第9話 歪み始める日常と初めての挨拶

 旧科学研究施設の一角。

 理央は作業机に広げた装置の最終調整に集中していた。

 無数のケーブルが配線され、モニターには魔力波の変位グラフが細かく表示されている。


「……よし、これで外部安定化処理は完了。あとはフィールド出力の挙動次第か」


 端末に指を滑らせながら、理央は低く呟く。

 その横では、クロエと夕凪が並んで作業を見守っていた。


「それが、改良版?」


「そう。

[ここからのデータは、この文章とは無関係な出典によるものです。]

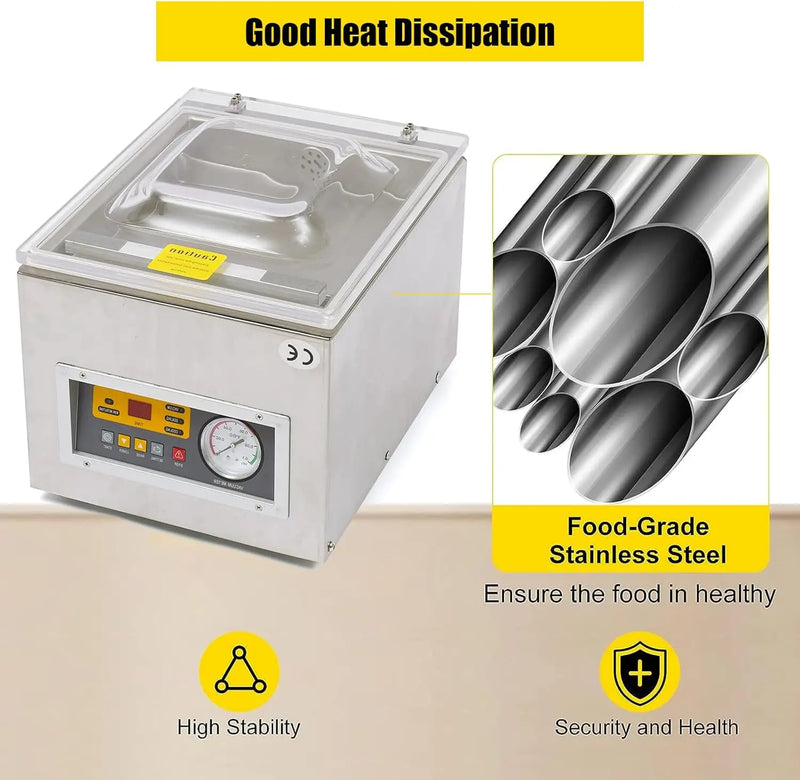 Vacuum Sealer,Chamber Vacuum Sealer Dz-260C Kitchen Food Chamber Vacuum Sealer, 110V Packaging Machine Sealer For Food Saver,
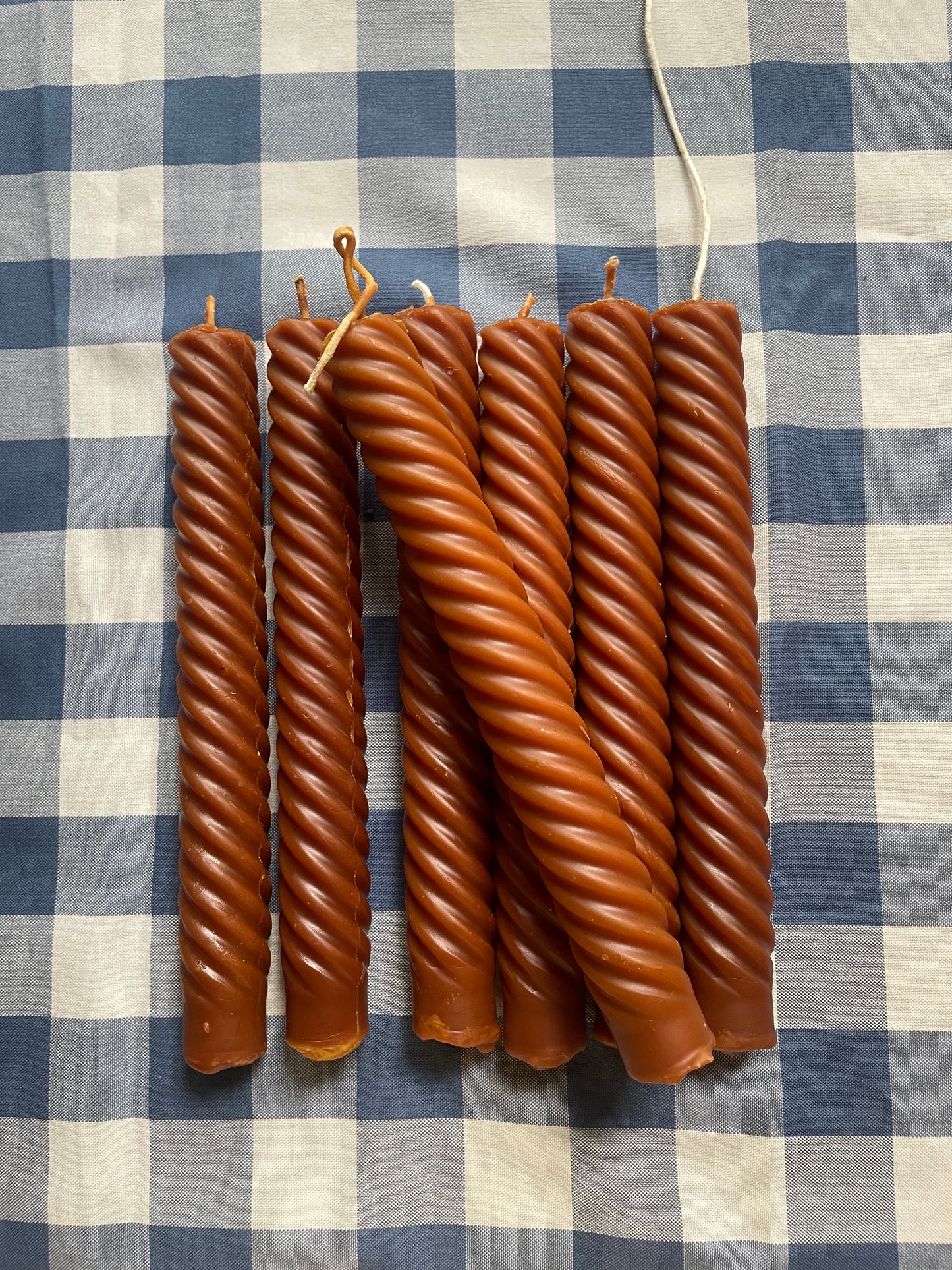 Walnut Brown Spiral Tapers in Pure 100% Beeswax - Pair of Two 8" - Beeswax Tapers - Candles - Beeswax Candles, Brown, Tapers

“魔法式干渉装置”の正式モデル。

 試作機じゃ対応できなかった高出力領域でも、今度は自動で抑制信号を流せるようになってる。

 要するに――無茶しなくて済む、ってわけ」


「ふふん、つまり“理央くんが死にかけなくて済む”ってことね?」


 夕凪が軽く笑いながら言うと、理央は咳払いでごまかした。


「……まあ、そういうことだ。


 今回は、第三魔力ラインの副系統を狙う。出力は大したことないが、都市インフラには確実に影響を与える」


「リスクは?」


「妨害がバレれば、すぐに修復班が動くだろう。ただ、被害を最小限に抑えた“テスト”としては上出来のはずだ」

 理央が起動スイッチを押すと、装置のコア部が淡く発光し始めた。

 瞬間、部屋の空気がわずかに変わる。


「……これが、魔法式への干渉?」


 クロエが目を細める。

 彼女の視覚には、普段見慣れた“魔力の流れ”が微細に揺れているのが見えていた。


「安定してる。以前のとは、別物だ」


「まあね。理論値上では20%出力低下で抑えてるから、暴走のリスクも格段に下がった」


 理央は手元の端末を操作し、干渉フィールドのテストを実行する。

 数秒後、壁際の魔導ランプがちらつき、完全に消灯した。


「……成功」


「……ほんとに、魔法じゃないんだね」


 夕凪がぽつりと呟くと、理央は静かに頷いた。


「魔法じゃない。だからこそ、魔法を超えられる」



◆◇◆



 理央は端末の画面を切り替えると、都市全体のマップを呼び出し、その中の一角を指差した。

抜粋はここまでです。